Felipe Fortuna pertence à rara categoria dos poetas-críticos ou críticos-poetas. Poucos conjugam estas duas atividades de maneira harmônica, profunda e eficiente. Ainda muito jovem, Felipe Fortuna exerceu a crítica literária militante, ao mesmo tempo em que se dedicava à poesia. Estreou como poeta com o promissor Ou vice-versa (1986). Cinco anos mais tarde, reuniu no volume A escola da sedução artigos e ensaios que publicara na imprensa. Com Atrito (1992), voltou à poesia e, há dois anos, lançou-se como tradutor em Louise Labé – Amor e loucura.

Estante inaugura uma nova fase do autor. Mais: até o momento é a sua melhor obra, já que denota o enxugamento do discurso (algumas vezes excessivo nos primeiros livros) e a definitiva conquista de uma voz própria, sem a qual ninguém pode afirmar-se como poeta. Ezra Pound já advertira que “a primeira fase dos escritos de qualquer pessoa mostra o autor fazendo algo parecido com algo que ele já ouviu ou já leu”. Já se disse também que “todo artista começa imitando alguém; continua não imitando ninguém; e termina, por fim, imitando a si mesmo.” Muito natural, portanto, que Fortuna prestasse tributo às pesadas influências de Carlos Drummond de Andrade, Fernando Pessoa, Oswald de Andrade (e o tardio mas saudável rastro deste, à marginália poética dos anos 70), além de João Cabral de Melo Neto, poeta que mais vem agregando seguidores nas últimas décadas.
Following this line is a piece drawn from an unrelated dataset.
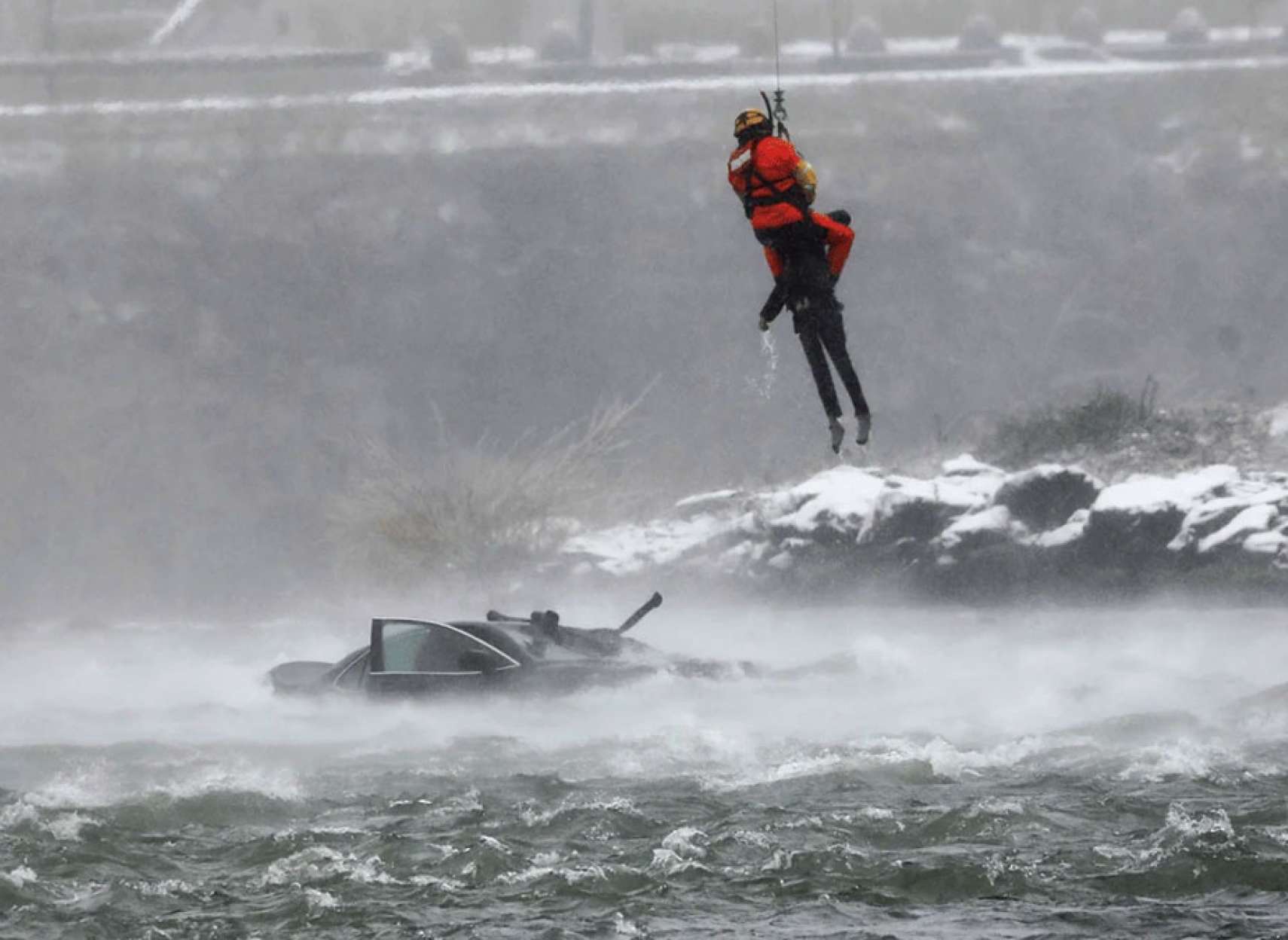 خبر-تورنتو-زنی-که-با-خودرو-خود-به-آبشار-نیاگارا-زد-کشته-شد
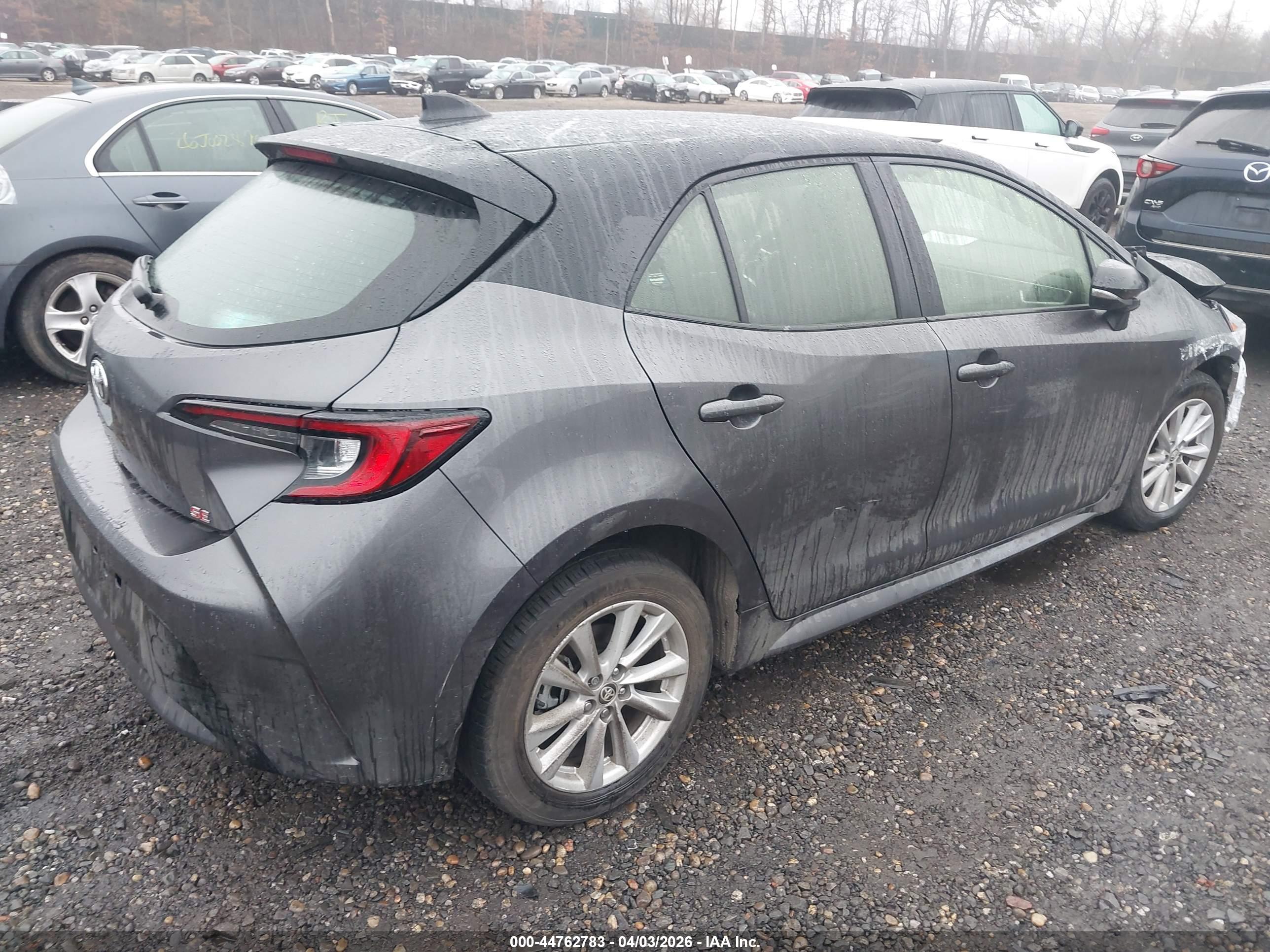 TOYOTA COROLLA image 4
Estruturado em três partes distintas ou “três diferentes livros”, como bem salienta o professor e poeta Adriano Espínola nas orelhas da obra, Estante abre com uma seção reunindo poemas do cotidiano do autor. A solidão e suas variantes, tema recorrente na obra de Fortuna, comparece em diversos momentos do livro, ainda que sob a ótica do confessionalismo amoroso (“A Escola da Sedução”), da vida urbana cosmopolita (“Cidade Irreal”) e da própria reflexão poética (“Esta Espuma” e “Não É”). Neste último aspecto, inclusive, é imprescindível ressaltar a modernidade de um poema como “A Tela do Texto”, talvez a primeira metapoesia cibernética da literatura brasileira. “Agora já não sei / se este poema é meu: / na tela, sem papel, as palavras / se formam sobre a luz azul e falsa. / (…) Sou guiado e consigo / escrever na minha língua / com shift, pause, control, enter, quando preciso / escrever sobre a impressão / que me causa a espinha de um peixe.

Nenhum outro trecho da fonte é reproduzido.